Perhaps the reason Arce feels comfortable in her complex role of teacher, director, writer, choreographer and counselor is her own long road to recognition. Unable to find enough work in her field -- dance and theater -- to support herself when she first arrived in the U.S., Arce became a maid in a hotel, pushing a cart loaded with bath towels, soaps and shampoos and vacuuming room after room to earn a living. To stave off boredom, she recited over and over to herself a line of Pablo Neruda's poetry: "Us from them are not the same."

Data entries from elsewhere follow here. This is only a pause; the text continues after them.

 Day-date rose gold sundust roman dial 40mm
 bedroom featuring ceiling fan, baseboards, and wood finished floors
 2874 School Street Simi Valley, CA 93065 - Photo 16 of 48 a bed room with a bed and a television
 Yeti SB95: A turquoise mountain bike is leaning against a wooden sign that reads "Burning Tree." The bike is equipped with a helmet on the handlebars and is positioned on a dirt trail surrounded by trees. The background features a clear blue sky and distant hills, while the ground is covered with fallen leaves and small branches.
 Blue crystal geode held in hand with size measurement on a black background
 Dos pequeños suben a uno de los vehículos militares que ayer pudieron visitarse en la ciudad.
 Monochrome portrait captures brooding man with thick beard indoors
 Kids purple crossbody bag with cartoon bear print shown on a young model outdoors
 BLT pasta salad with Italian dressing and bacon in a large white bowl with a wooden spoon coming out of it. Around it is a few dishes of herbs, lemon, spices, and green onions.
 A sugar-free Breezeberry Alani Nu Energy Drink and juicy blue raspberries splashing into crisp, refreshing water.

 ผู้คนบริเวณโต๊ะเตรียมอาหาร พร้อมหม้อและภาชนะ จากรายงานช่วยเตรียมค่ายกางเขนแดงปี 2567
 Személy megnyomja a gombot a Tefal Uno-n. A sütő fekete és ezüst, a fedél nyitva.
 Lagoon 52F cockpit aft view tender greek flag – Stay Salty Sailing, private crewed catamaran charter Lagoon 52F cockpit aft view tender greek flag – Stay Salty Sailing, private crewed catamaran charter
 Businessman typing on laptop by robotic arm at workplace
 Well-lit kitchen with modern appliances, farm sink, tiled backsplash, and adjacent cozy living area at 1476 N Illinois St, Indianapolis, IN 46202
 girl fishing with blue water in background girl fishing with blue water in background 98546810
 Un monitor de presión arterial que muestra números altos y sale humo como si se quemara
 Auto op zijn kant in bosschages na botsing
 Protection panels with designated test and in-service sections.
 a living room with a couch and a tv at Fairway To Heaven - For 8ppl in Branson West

When she was asked in 1990 to create a performance piece about borders -- both national and personal -- for the Banff Centre for the Arts in Canada, Arce found herself in an unusual, and somewhat uncomfortable, position. It was one of the first times that a residency included a hotel stay, and seeing all those pushcarts in the hall, along with the men and women pushing them, was a strange reversal of fortune for her.
The awkward coincidence resulted in one of Arce's favorite performance pieces: Maid Make Up Room/Please Do Not Disturb, in which she used four of the hotel maids -- three of whom, serendipitously, happened to be performers. Using a set that consisted of three door frames, the maids spun their vacuum cleaners around and talked about their labor-intensive work.
Not all her works come together quite as fluidly. Today, facing her empty rehearsal studio, Arce hones in on the most difficult part of her job: "You get people to express themselves, to really tell the truth," she says, "and they get scared shitless."